Remember the brain pruning has skewed the way they see themselves and the world and they often misread the confusing emotional and social tides of adolescence.

When they know and are reminded they are loved unconditionally – and that things do get better when their brain finally matures in their 20s, and that making mistakes is a way of learning how to make better choices – it really helps them cope.

In my e-book for adolescents, Taking the High Road, I explore the stressors in more depth and how to manage to build stress-busting strategies especially how to overcome ANTS – automatic negative thoughts. Included in the book is a calming track called Relax and Escape to help build calming patterns in their brain. This helps improve sleep and also to induce a calm, relaxed alert state before exams. It also gives them a happy place inside to escape the big ugly stressful emotions. I have even more ebooks and calming tracks packaged up together in my Kit Bag for a Bumpy Ride for adolescents too.

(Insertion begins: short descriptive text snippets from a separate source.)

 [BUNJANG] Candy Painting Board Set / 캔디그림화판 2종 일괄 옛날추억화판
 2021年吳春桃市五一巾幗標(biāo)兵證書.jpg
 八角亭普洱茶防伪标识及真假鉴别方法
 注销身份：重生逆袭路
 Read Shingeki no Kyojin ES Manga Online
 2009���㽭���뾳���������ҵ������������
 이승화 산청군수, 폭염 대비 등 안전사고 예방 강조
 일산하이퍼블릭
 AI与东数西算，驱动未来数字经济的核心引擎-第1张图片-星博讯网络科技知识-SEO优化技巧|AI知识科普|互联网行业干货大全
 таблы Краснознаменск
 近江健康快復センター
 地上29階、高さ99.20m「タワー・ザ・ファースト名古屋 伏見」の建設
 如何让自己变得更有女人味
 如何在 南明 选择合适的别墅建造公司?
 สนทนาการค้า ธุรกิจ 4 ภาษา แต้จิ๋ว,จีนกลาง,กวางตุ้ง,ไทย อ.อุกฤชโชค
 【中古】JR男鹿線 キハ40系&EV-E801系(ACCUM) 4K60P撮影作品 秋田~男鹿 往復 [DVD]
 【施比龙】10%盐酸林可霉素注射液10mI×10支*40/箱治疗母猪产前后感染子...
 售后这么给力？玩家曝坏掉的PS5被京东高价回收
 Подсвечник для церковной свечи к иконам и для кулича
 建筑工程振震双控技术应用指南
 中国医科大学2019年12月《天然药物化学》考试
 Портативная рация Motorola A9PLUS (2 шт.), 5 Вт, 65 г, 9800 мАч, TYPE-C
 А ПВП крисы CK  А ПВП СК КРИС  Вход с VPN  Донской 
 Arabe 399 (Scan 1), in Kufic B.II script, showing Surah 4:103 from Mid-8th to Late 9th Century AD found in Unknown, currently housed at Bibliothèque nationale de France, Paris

Please be mindful that today’s adolescents are struggling with a nastier, scarier and more threatening world than their parents did. They need as much support and guidance as possible and research shows they really value their parents and want to have a warm, connected relationship with each of their parents if possible.

My favourite parenting and teaching tools were practising fairness and kindness – our adolescents need allies, lighthouses and champions who encourage them – no matter how bumpy the ride gets.

Imagine they all have an invisible sign on their chest that says ‘MAKE ME FEEL I MATTER’.

… because every one of them absolutely does.